Foodborne illnesses still remain a major health issue, as the WHO reported 600 million diseases and 420,000 deaths worldwide in 2010. Most of them were caused by pathogens like Campylobacter spp., Salmonella enterica, Escherichia coli, and Listeria monocytogenes. Due to the short shelf life of fresh meat and dairy products, a rapid detection of pathogens in contaminated food products is essential. Since reference methods for microbial food analysis require time-consuming nonselective and selective culturing procedures, the need for more efficient approaches is given. In this study, we employ superparamagnetic iron oxide nanoparticles (SPIONs) functionalized with the peptide KRQGRVEVLYRASWGTV derived from the salivary protein GP-340, to successfully remove different species of food-related microorganisms (Pseudomonas paracarnis, Campylobacter jejuni, Escherichia coli, Enterococcus faecalis, Salmonella enterica, and Listeria monocytogenes) from pure media and homogenates derived from retail meat products.
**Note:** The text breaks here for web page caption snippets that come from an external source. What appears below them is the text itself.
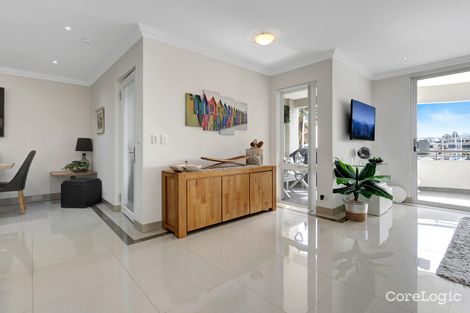 Property photo of 2/17 Boston Quays Mindarie WA 6030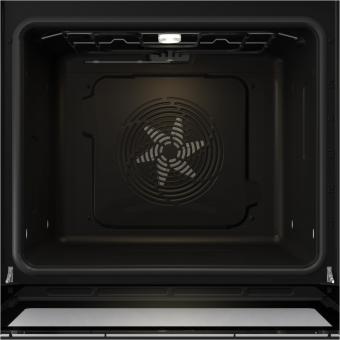 GORENJE Duo Set SIX Ed EB-Herdset  (A) 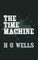 The Time Machine
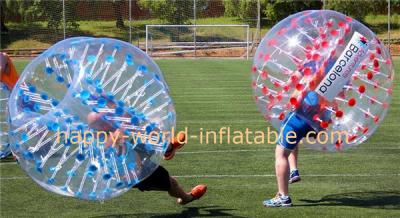 China bumper ball inflatable ball , cheap bumper ball inflatable ball , cheap bumper ball for sale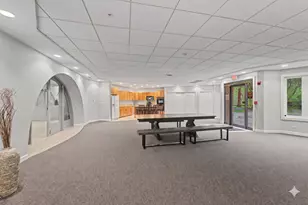 1 Renaissance Pl, Palatine, IL 60067 - Photo 21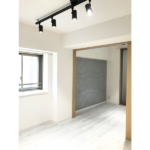 クレール柏 207-5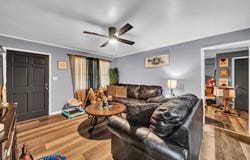 611 E 3rd Ave, Cordele, GA 31015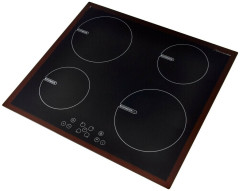 Индукционная варочная панель Schaub Lorenz SLK IY6143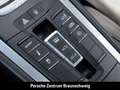 Porsche 911 4S 991.2 Gris - thumbnail 13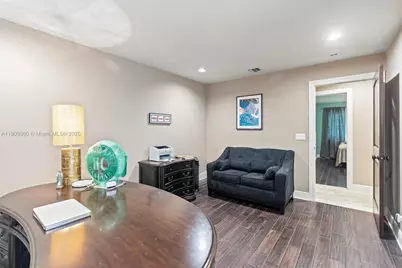 6500 SW 127th St, Pinecrest, FL 33156 - Photo 39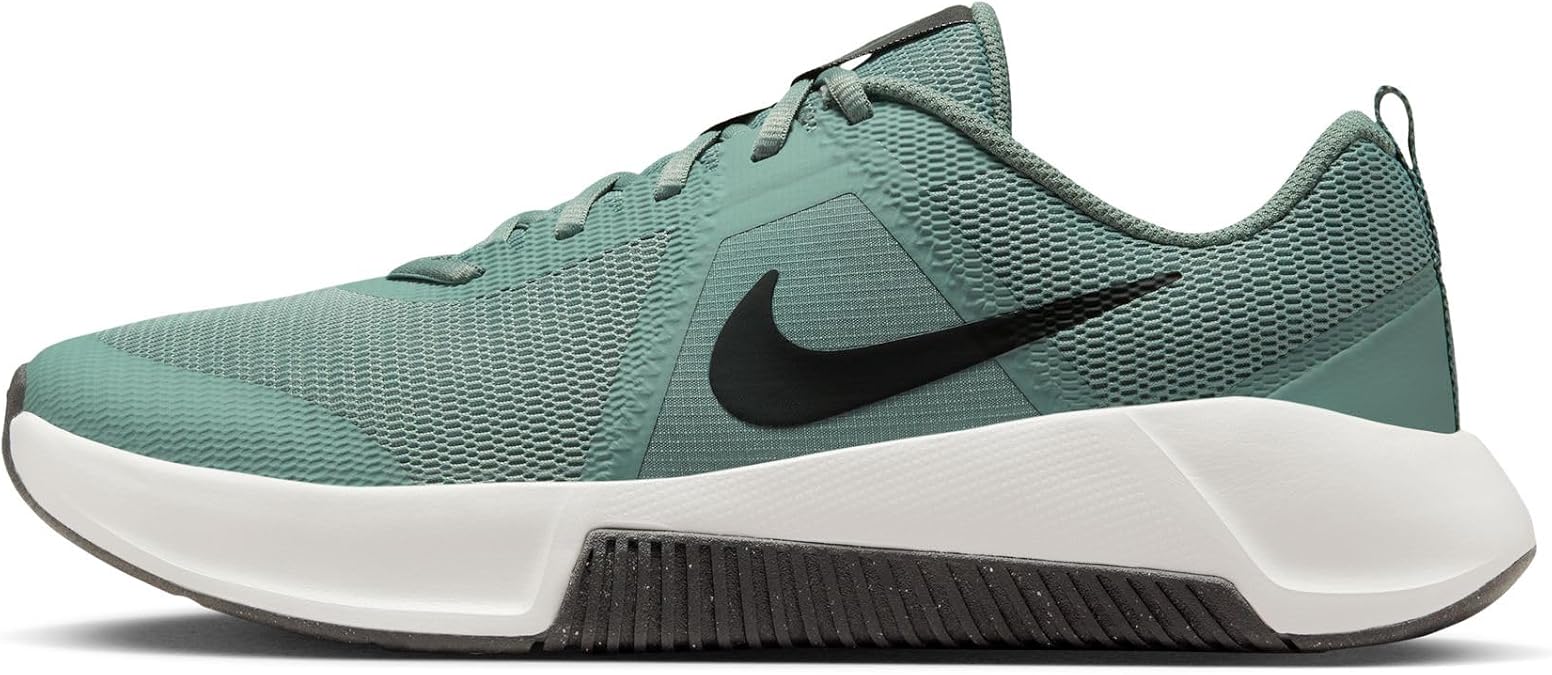 Nike MC Trainer 3 Men's Workout Shoe FQ1831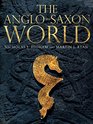 The AngloSaxon World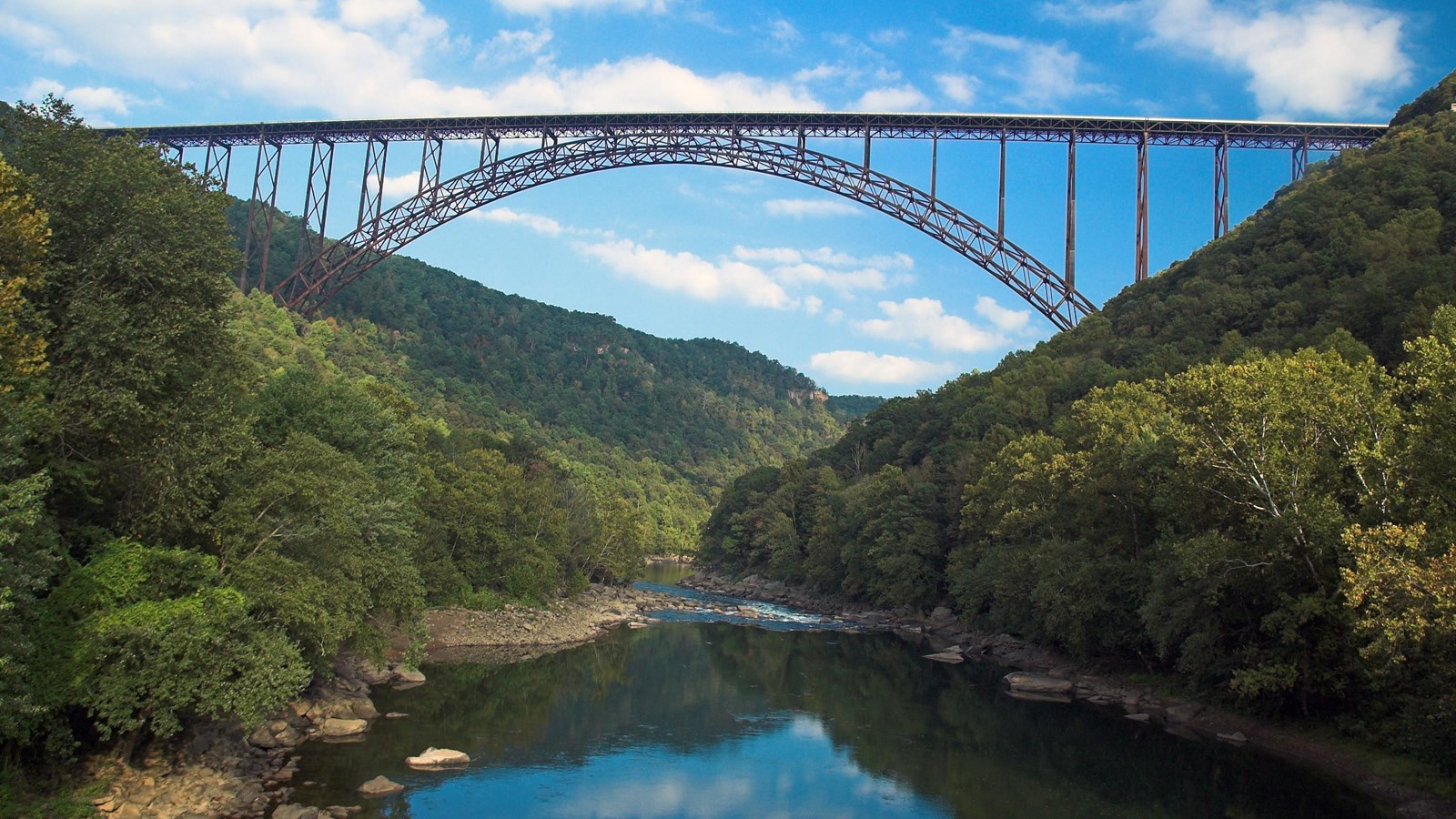 Bridge 2026: How AI-Driven Bridge Inspection is Reshaping Infrastructure Safety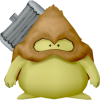ブラウニー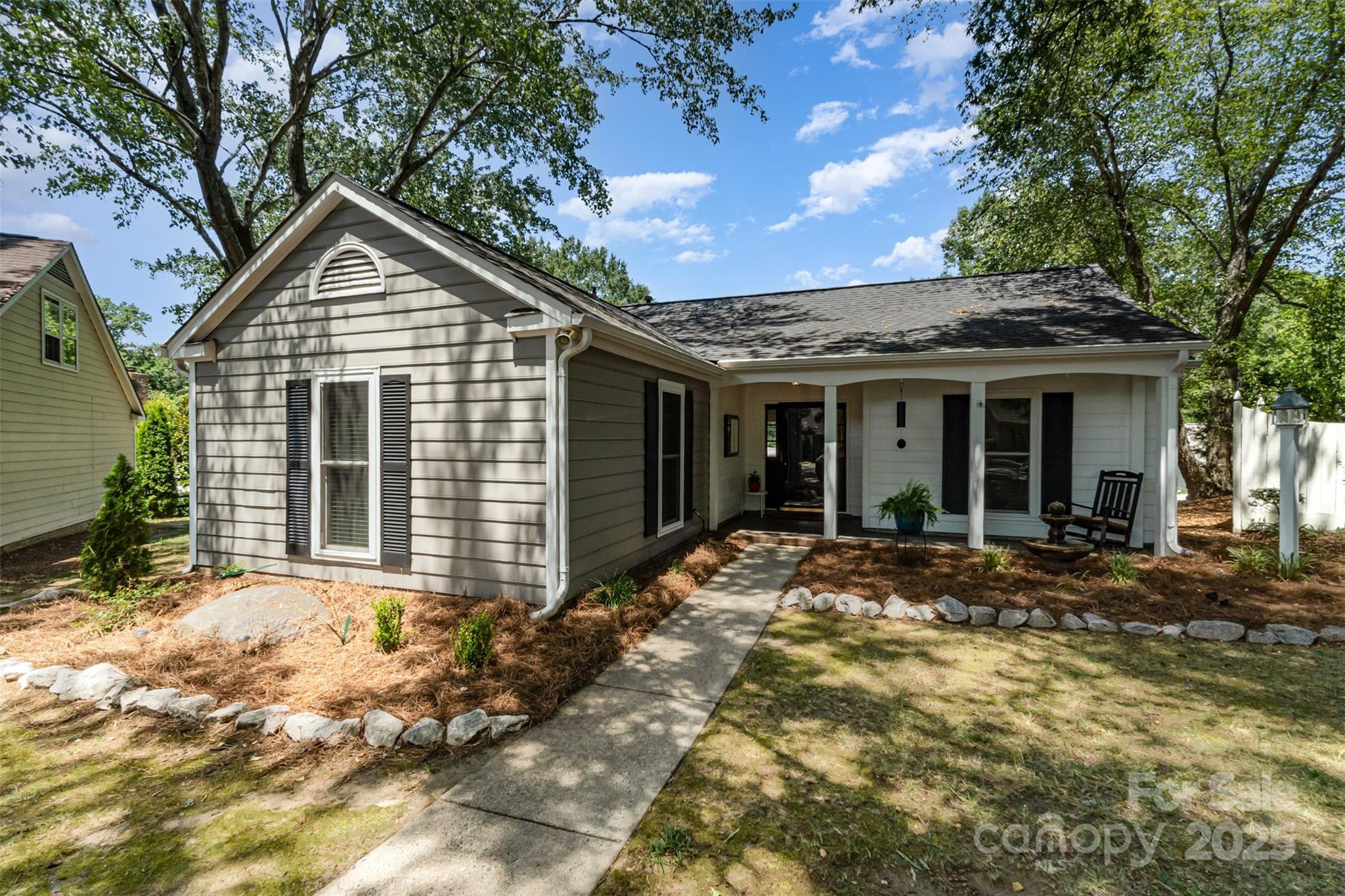 2722 Hillmont Drive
We discovered differences in extraction efficiencies from pure culture ranging from 18% (C. jejuni) to complete extraction (E. faecalis, L. monocytogenes and P. paracarnis) depending on the organism. It was also shown that L. monocytogenes could successfully be removed from co-culture with a high surplus of non-pathogenic P. paracarnis, and also from food matrices.

Key points

SPIONCitcan be functionalized with a GP-340 derived peptide (SPIONPep)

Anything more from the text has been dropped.